I cannot install the Add-On. OR, I cannot show the sidebar.

One possible reason is the simultaneous use of multiple Google accounts. If you have multiple Google accounts and log in to them simultaneously, the installation or the command executions could fail. Please log in to only one account when you use the Add-On.

It stops with "saveAs is not defined" error.

That error could occur when your internet connection is unstable and failed load a file-saving library. In that case, close the sidebar and retry operations.

How can I add a BGM to my video?

Upload a sound file named "bgm.mp3" to the "resources" folder. Then, the Add-On detects it automatically and mixes it with the video.

Can I add several BGMs to one video?

No. The BGM mixing feature of the Add-On is very limited. It's intended use is to add a BGM as a short prelude to the lecture.

How many pages can the Add-On process?

There is no explicit limit. It depends on the capacity of your web browser and computer. More pages require more time and resources to generate the video.

The video generation fails in mid-course. How can I solve it?

The video generation could fail in various reasons including, but not limited to:

  • Internet connection failures,

  • Shortage of your computer memory, and

  • Broken inputs such as invalid sound files for embedding.
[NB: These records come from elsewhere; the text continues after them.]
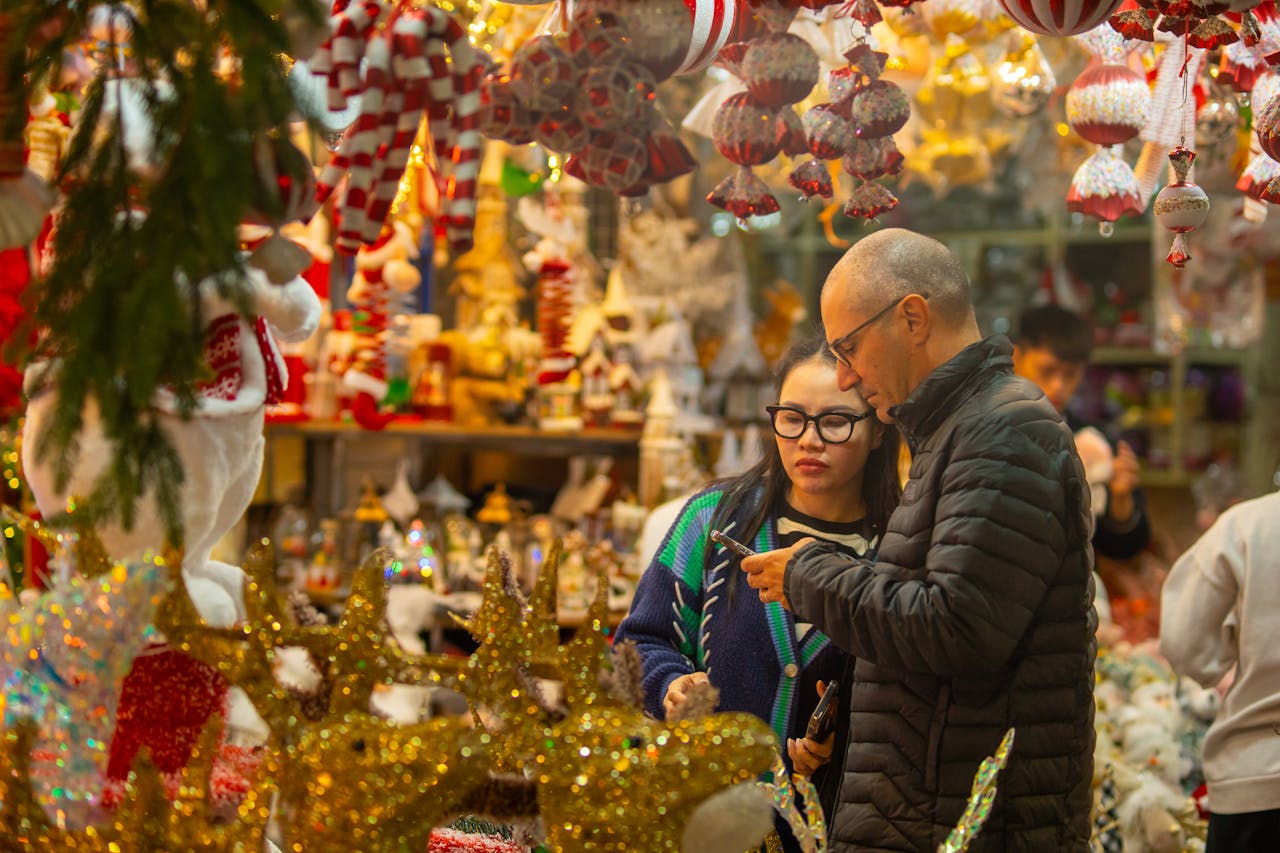 couple shopping for the holiday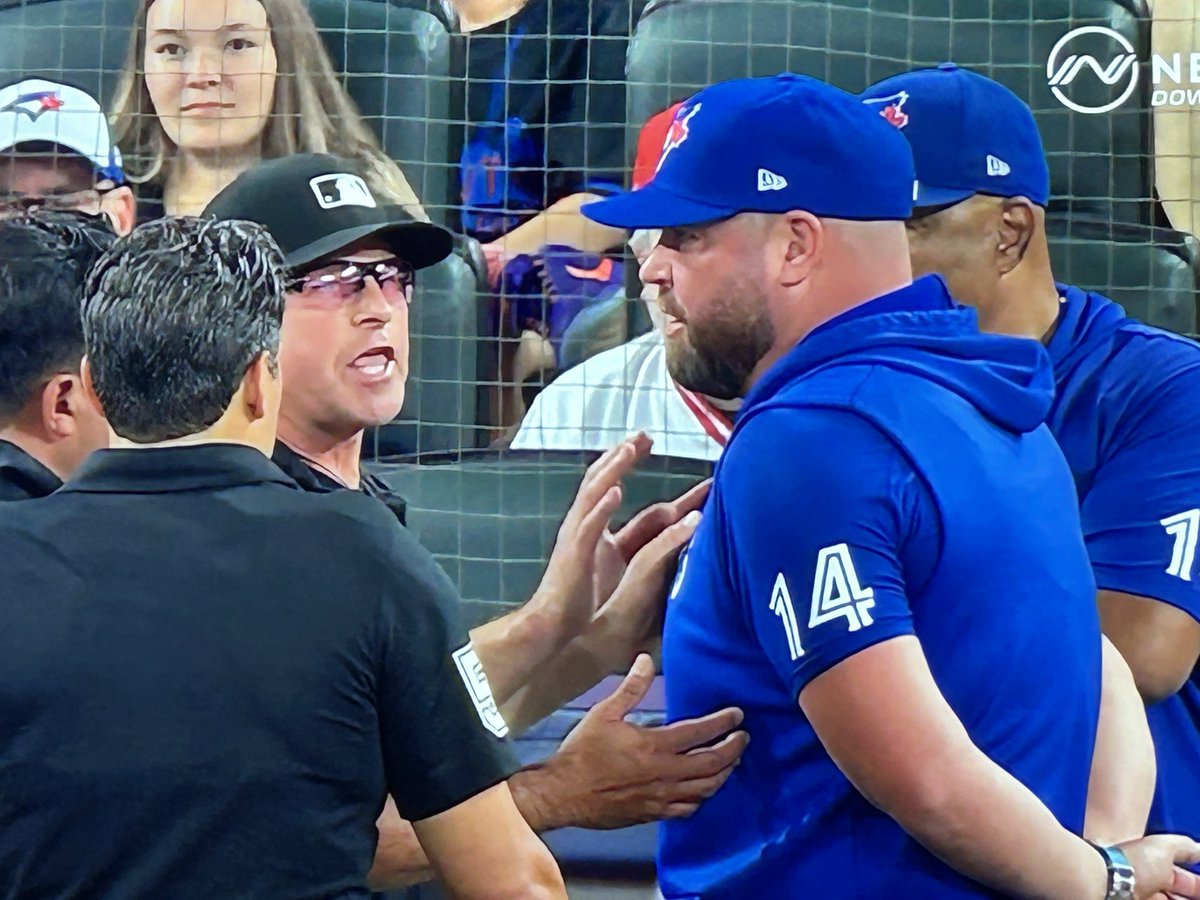 michaelFhurley's tweet photo. Somehow the umpires have pissed off BOTH John Schneider and Chad Tracy.

Credit to the umpires for finding a way. https://t.co/aaoMasGCG4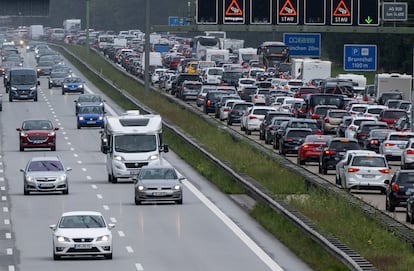 Atascos en la autopista A-8 en Sauerlach (Alemania), el 11 de septiembre.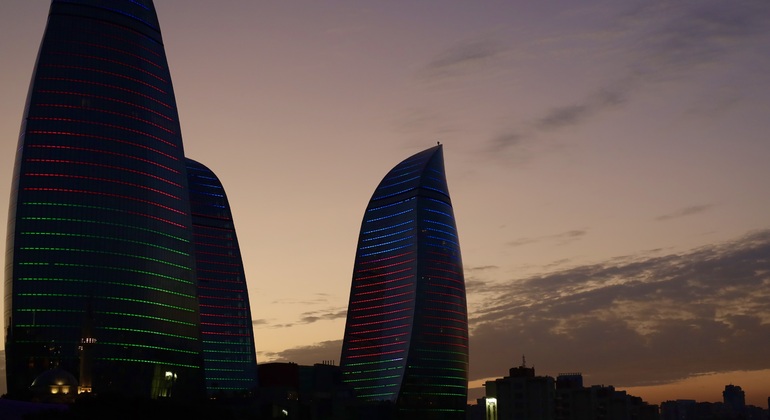Visita guiada gratuita às vibrações nocturnas iluminadas de Baku Azerbaijão &mdash; #11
Check out your internet connections and other applications working on your computer. Then, retry later.

UPDATE: If you see "Sad Chrome" when the video generation fails, close the sidebar and then retry.

Chrome's bug causes the "Sad Chrome" case. We updated Lecture Video Maker to cache the interim results to enable virtual resumes.

The sidebar sometimes grays out and becomes not operatable. Why?

The Add-On automatically checks and recalculates the duration of slides once in a minute. This periodic check inquires the last updated time of the presentation and invokes the recalculation only when the presentation is updated. This behavior causes several non-operatable periods, as you saw.

The icon appearing after recording my voice is not the microphone icon. Why?

It is due to the technical limitation of Google Drive. The recording and the update of the slide list cannot be completely synchronous. Occasionally, the update process cannot see the latest recorded data. It leads to improper icon displaying. However, the slide list is updated periodically and will be corrected eventually.

The speech synthesis fails. It says "Request contains an invalid argument."

One possible cause is the set-up failure of your API key. The API key supplied to the Add-On must have the access privilege to the Google Cloud Text-to-Speech. See Tutorial #3 and check the following points:

  1. Have you enabled the Google Cloud Text-to-Speech?

  2. Don't you restrict the API key privilege and exclude access to Google Cloud Text-to-Speech?

  3. Can you see the voice list on the Voice Chooser form? If not, the API key is not correctly set up.

If you still fail to synthesize the speech, please create a new support ticket and contact us.

Does the Add-On have the feature of desktop capture?

No. If you want to embed your desktop operation as part of the lecture video, please use other tools for that part. For your information, the operation parts in the tutorial videos are recorded by OBS Studio. It is free and open-source.